In some embodiments, identifying a downstream portion of the data processing application may include storing, in a data store, one or more labels identifying one or more nodes of the data processing application downstream from the continuous input data source as continuous components. As shown in FIG. 5B, nodes 331A, 331D, 331F, 331H, 331J, and 340 may be identified as continuous components. Alternatively or additionally, the nodes in the downstream portion may be identified by implication, such as by identifying the nodes terminating the relevant downstream portion.

A data structure may be generated for nodes terminating a downstream portion. In the illustrated example, a data structure is generated for each node terminating a downstream portion of any of the continuous data sources, but techniques as described herein may be applied with one or more such nodes.

At act 408, one or more lookup data structures may be generated. In some embodiments, for a first node in the downstream portion of the data processing application that represents an operation to be performed on the continuous data originating from at least one continuous input data source and batch data originating from at least one batch input data source, a first lookup data structure may be generated. The first lookup data structure may be generated by processing a first portion of the data processing application that is configured to operate on the batch data originating from the batch input data source. For example, as shown in FIG. 5B, node 331F represents a join operation to be performed on continuous data originating from the continuous input data source represented by input node 321A and batch data originating from a batch input data source represented by input node 321B. A first lookup data structure, such as database 540 shown in FIG. 5C, may be generated by processing a portion 510 of the data processing application that is configured to operate on the batch data.

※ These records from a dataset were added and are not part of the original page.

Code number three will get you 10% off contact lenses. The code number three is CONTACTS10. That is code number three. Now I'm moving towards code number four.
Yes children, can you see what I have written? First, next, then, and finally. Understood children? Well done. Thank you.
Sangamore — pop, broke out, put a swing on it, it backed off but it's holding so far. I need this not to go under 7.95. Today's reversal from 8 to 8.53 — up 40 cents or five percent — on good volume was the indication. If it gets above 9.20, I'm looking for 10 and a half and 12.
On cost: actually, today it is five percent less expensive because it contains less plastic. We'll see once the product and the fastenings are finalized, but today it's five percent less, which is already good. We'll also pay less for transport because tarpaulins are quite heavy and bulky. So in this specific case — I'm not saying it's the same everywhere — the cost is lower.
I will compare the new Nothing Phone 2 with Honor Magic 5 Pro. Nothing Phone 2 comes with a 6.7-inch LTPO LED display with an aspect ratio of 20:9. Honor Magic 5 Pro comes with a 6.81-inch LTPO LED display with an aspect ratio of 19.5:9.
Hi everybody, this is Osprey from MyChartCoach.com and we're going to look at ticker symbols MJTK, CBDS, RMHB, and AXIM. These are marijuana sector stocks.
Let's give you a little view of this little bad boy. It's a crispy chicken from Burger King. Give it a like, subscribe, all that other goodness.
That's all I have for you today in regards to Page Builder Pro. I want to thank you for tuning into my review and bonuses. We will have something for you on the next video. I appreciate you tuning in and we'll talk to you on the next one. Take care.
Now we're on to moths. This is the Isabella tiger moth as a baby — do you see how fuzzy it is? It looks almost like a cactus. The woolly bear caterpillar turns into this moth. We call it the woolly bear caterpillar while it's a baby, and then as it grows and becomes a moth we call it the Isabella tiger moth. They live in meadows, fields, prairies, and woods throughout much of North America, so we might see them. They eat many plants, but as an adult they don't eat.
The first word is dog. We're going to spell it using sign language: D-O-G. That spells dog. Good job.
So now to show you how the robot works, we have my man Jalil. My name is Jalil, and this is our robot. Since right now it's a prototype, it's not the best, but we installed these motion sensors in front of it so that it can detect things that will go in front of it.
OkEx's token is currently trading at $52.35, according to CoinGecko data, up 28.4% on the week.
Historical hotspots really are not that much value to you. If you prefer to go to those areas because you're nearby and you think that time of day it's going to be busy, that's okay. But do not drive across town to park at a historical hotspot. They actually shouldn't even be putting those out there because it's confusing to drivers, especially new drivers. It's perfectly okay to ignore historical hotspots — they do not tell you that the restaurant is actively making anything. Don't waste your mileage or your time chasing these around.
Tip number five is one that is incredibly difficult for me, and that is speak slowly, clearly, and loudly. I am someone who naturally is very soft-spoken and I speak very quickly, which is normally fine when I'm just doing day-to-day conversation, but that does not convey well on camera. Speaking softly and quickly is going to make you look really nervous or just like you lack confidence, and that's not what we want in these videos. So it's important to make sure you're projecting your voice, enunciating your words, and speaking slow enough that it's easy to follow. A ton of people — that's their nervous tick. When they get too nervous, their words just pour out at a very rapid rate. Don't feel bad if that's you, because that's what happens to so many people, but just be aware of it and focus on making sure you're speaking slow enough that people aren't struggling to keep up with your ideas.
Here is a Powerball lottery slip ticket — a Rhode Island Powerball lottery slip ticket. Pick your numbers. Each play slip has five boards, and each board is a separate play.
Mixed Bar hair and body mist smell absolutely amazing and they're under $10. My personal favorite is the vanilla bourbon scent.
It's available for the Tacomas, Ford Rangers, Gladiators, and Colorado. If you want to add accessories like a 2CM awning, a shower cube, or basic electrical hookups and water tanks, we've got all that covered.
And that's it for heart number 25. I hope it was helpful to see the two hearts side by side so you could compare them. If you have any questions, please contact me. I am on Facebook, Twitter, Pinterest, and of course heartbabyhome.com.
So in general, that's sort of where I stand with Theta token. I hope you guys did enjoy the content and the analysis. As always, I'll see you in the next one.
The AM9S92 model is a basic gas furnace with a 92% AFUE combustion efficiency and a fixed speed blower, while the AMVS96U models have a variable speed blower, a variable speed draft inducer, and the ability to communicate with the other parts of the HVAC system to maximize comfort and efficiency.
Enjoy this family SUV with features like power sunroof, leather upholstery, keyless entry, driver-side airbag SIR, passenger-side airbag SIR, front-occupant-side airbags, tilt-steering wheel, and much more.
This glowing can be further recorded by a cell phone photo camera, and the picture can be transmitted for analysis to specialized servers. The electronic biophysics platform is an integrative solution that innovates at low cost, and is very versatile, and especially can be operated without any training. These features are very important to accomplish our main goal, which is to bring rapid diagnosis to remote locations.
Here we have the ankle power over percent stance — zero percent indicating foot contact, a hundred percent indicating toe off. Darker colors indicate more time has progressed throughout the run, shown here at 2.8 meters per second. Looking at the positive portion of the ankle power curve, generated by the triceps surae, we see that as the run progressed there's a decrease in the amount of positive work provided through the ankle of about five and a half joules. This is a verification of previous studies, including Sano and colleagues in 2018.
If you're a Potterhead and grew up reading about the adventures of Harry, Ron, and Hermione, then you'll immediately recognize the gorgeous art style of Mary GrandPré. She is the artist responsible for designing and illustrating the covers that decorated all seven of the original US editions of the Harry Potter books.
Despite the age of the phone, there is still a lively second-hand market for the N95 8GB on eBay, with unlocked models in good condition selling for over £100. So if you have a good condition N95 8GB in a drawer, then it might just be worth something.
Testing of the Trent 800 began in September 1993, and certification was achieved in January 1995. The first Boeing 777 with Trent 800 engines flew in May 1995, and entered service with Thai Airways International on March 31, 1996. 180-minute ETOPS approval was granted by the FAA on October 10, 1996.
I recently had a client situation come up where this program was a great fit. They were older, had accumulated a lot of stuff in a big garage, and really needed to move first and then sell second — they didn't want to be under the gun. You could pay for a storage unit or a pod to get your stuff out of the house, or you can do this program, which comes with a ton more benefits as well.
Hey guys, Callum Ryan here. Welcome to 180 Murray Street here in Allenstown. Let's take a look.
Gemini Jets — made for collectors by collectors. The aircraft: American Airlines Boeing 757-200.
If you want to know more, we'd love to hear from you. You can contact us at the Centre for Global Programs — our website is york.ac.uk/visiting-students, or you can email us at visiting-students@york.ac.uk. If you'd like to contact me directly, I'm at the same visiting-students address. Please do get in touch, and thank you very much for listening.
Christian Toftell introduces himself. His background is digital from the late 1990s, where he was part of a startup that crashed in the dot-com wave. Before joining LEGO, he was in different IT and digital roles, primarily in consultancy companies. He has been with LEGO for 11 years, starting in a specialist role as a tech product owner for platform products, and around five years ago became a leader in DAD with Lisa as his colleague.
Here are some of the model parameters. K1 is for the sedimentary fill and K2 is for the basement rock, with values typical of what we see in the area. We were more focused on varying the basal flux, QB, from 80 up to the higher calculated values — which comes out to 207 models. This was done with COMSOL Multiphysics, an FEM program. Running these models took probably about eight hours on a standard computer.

The lookup may be stored in a format in which data available to complete the multi-input operation is retained throughout the execution of the application. The lookup, for example, may be stored as a file such that data from the lookup may be accessed with a simple read command from the file. Alternatively or additionally, a lookup may be stored in a database such that the appropriate data is accessed with a query on the database, but in other examples, other persistent data organization techniques may be used to implement a lookup.

In some embodiments, generating the first lookup data structure may include identifying one or more nodes of the data processing application upstream from the first node that are configured to operate on the batch data originating from the batch input data source, and generating the first lookup data structure by processing the one or more nodes upstream from the first node.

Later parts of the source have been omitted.